Given the massive volume of data companies handle, they need a platform that can aggregate data and analyze it for signs of fraud.
“Companies like Galileo offer platforms that can remove personal identifiers from data and analyze larger-scale data trends,” Bright said. “Once our platform identifies the common points of compromise in a company’s systems, the organization can then reduce those types of transactions to mitigate fraud and disputes.”
Capturing payments and receivables data in real-time is critical to combat fraud, especially with the rise of instant payments. In addition, a sophisticated fraud detection system is necessary as criminals employ more advanced tactics.
“To catch today’s criminals, a company must have a partner or someone in the organization who can think like a criminal,” Bodine said. “In Las Vegas, the best way to catch a card counter is to hire a card counter. Coupling fraud expertise with tech like AI is going to be best solution companies can implement to identify and mitigate fraud.”
An Ecosystem of Partnerships
Artificial intelligence excels at fraud detection, but its impact extends to nearly every aspect of the finance office.
“The advent of AI will bring much more effective cost control measures to expense management,” Bright said. “It will be exciting to see how it can take historical transactional data, provide insights, and help businesses automate responses. AI can potentially reduce costs, improve efficiencies, and offer cash flow management solutions.”
As technology becomes more complex, it becomes harder for companies to go at it alone. Businesses often face the choice of buying or building financial solutions. Most will rely on a network of partnerships to handle aspects like fraud controls, customer disputes, and front-end user interface design.

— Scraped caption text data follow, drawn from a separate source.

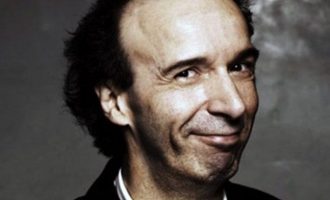 ‘Gratë e politikanëve bëjnë bamirësi, se ndihen në faj për burrat hajdutë që kanë’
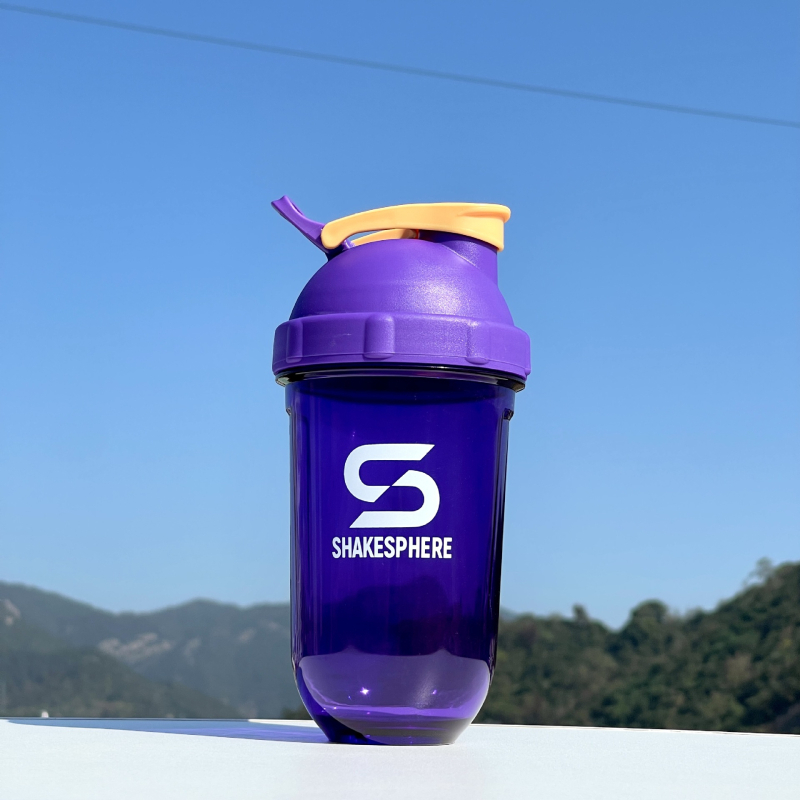 PC medžiagos kratymo puodelis, cilindrinis, vieno sluoksnio, su maišymo kamuoliuku ir spausdintu logotipu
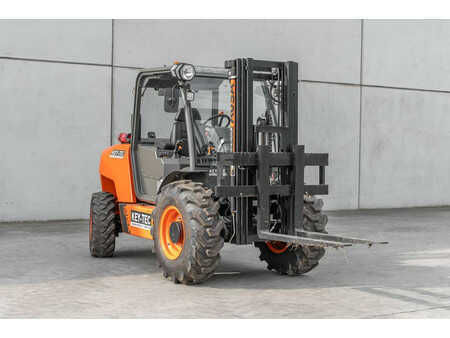 Empilhador diesel 2024  Ausa C 251 H x4 (3)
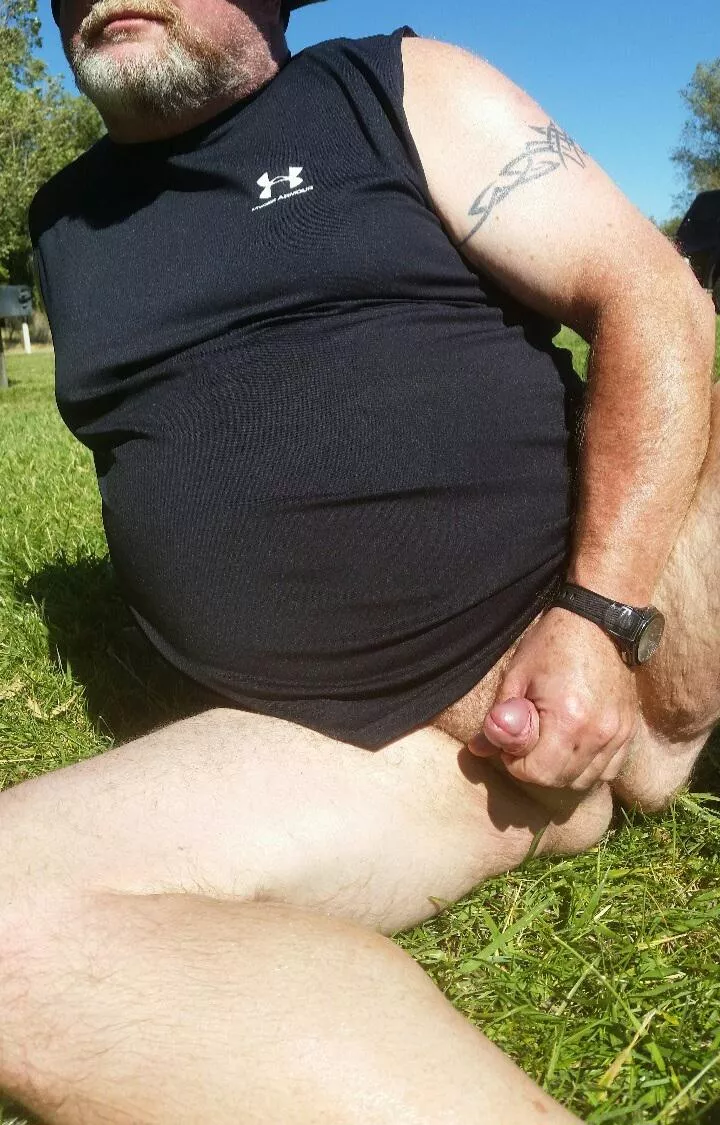 Enjoying a time with warmer weather.  posted by Bearsloveotters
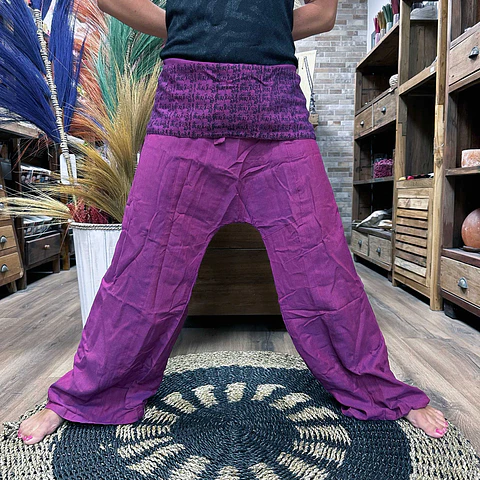 Calças Yoga & Meditação c/ Mantra - Estilo Pescador Tailandês - Roxo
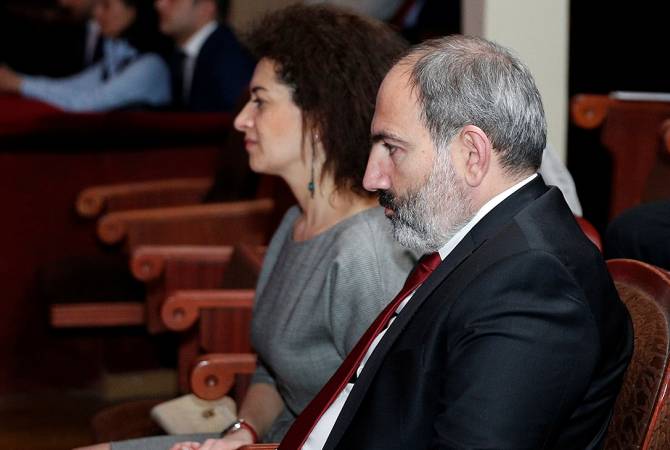 Премьер-министр Армении и его супруга не больны коронавирусом 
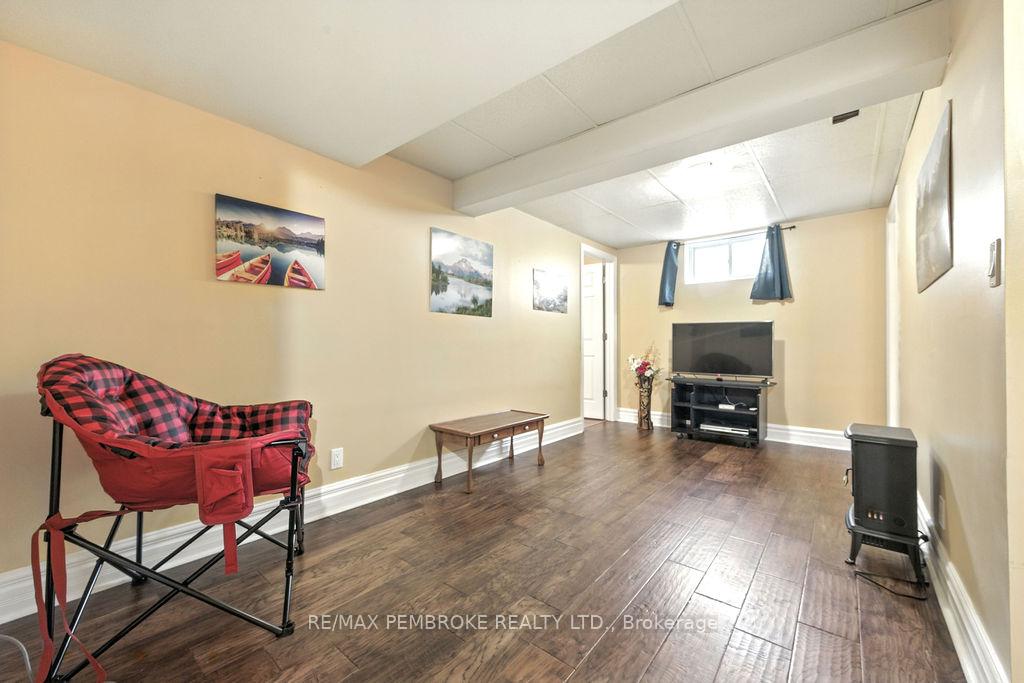 Photo 26 of 335 Willard Street, Pembroke, Pembroke — HOMEH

The right data management partners do more than just build a data repository—they also interpret the data and deliver insights that are customized to a business’s needs.
“It all starts with good data,” Bodine said. “Organizations that don’t have the ability or the resources to mine and nurture good data will have to lean on technology and partners, because they can’t do it all themselves. They will have to think long and hard about their partnering strategy.”